Sí y no. El Real Valladolid puede necesitar a Mathis Lachuer, pero Guillermo Almada, no. O, al menos, no tanto. Si bien es cierto que un perfil como el suyo es tremendamente interesante y apetecible, el modelo de juego del entrenador uruguayo hace dudar de la necesidad de ciertas de las condiciones del francés. Sobre el papel, el Pucela va a demandar siempre un jugador de construcción como el ex del Club Deportivo Mirandés, pero Almada sólo en determinados contextos y condiciones.

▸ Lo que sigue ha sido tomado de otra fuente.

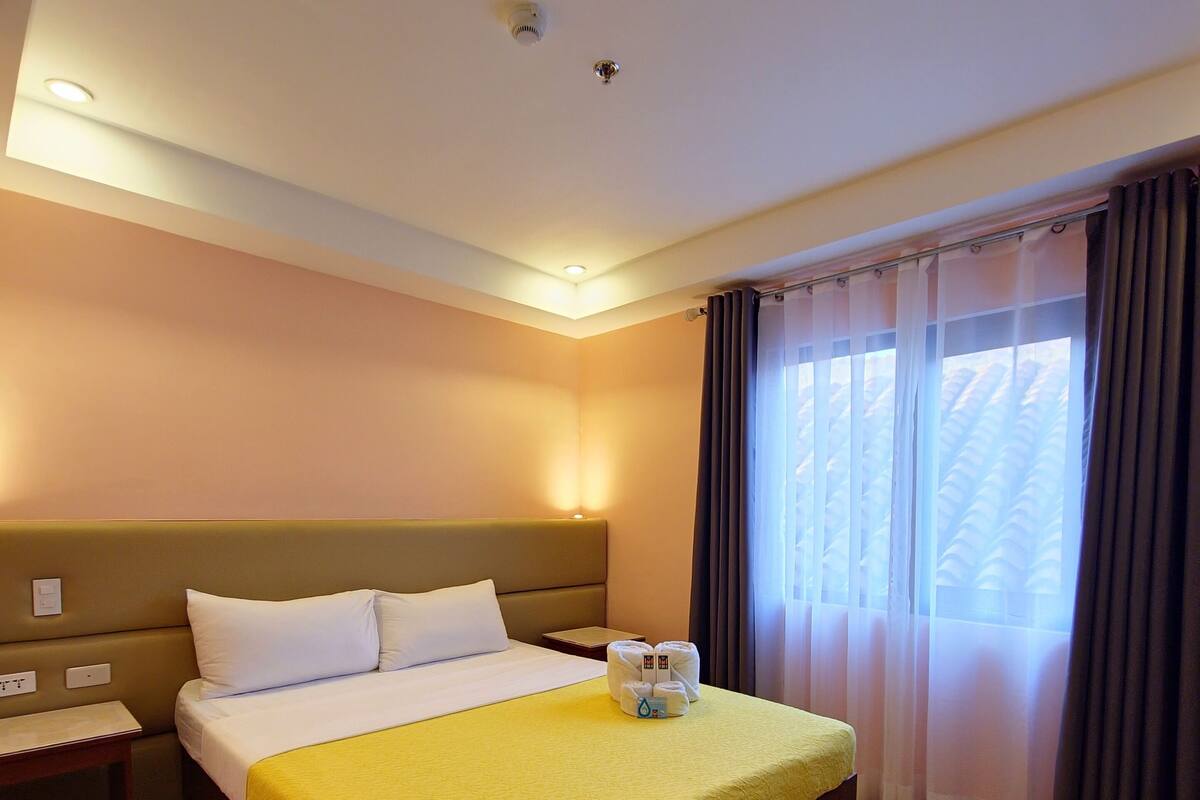 A hotel room with a large bed, a bedside table, a nightstand, a window with curtains, and a ceiling light.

En un Real Valladolid vertical como el que se está diseñando, el dinamismo de Lachuer es capital, pero su físico y ciertas condiciones de su juego hacen pensar en el rechazo que puede tener para la propuesta actual. En un Pucela de duelos, acciones físicas y exigencia en el centro del campo, el francés puede verse mermado para formar en el doble pivote. La suya puede ser una carencia como la que ha tenido Víctor Meseguer en los dos partidos que ha disputado hasta la fecha.
«El perfil de Mathis Lachuer es apetecible para el Real Valladolid, pero dudoso para las exigencias en el modelo de Guillermo Almada»
El murciano, titular en los dos primeros duelos, ha sufrido mucho con el avance del duelo. Exigido en idas y vueltas, el ‘8’ fue amonestado en los dos partidos. Con una amarilla antes del descanso, Meseguer ha estado condicionado. Lo ha estado por una exigencia de rupturas en las que no se termina de encontrar cómodo. Esta exigencia le hace ir tarde a determinados duelos que le debilitan para jugar 90 minutos. No es sólo una cuestión física. Es futbolística.
Si bien es cierto que físicamente Lachuer es un jugador más dado para el juego de transiciones al ser un futbolista mucho más ligero, la propuesta de exposición e ida y vuelta de Guillermo Almada le puede debilitar mucho. Mathis Lachuer puede verse muy expuesto en un doble pivote, siendo además un perfil similar al de Julien Ponceau. No es repetir estilo, pero sí es doblar ciertas condiciones de un juego que demandaría un modelo que Guillermo Almada no quiere.
Perfil y detalles
Queriendo robar para transitar y ser vertical, el Real Valladolid exige cierta estabilidad por detrás del balón. Stanko Juric ofrece parte de esta seguridad, pero ni él defiende un rol puramente posicional. La constante exigencia de pequeñas arrancadas desgasta y lleva al límite en acciones defensivas. Ahí, Lachuer, un jugador que sólo ha disputado completos ocho de las 46 partidos como titular en el Club Deportivo Mirandés, puede verse perjudicado.
«De los 48 partidos que Mathis Lachuer ha disputado como titular en el CD Mirandés, sólo ha disputado ocho de forma completa»
El Real Valladolid, como con Pablo Tomeo, no puede decir ‘no’ a un jugador que acumula 61 partidos en LaLiga Hypermotion con 24 años. El francés es un jugador al que decir ‘sí’ siempre que sea viable, pero sabiendo los matices a los que obliga el entrenador presente en el primer equipo y, ahora, Guillermo Almada es muy concreto en lo que busca. Él quiere jugadores que puedan ejercer transiciones constantes y Lachuer puede hacerlas, sí, pero con ciertos matices y demandas que el Pucela no le puede regalar con la competición iniciada.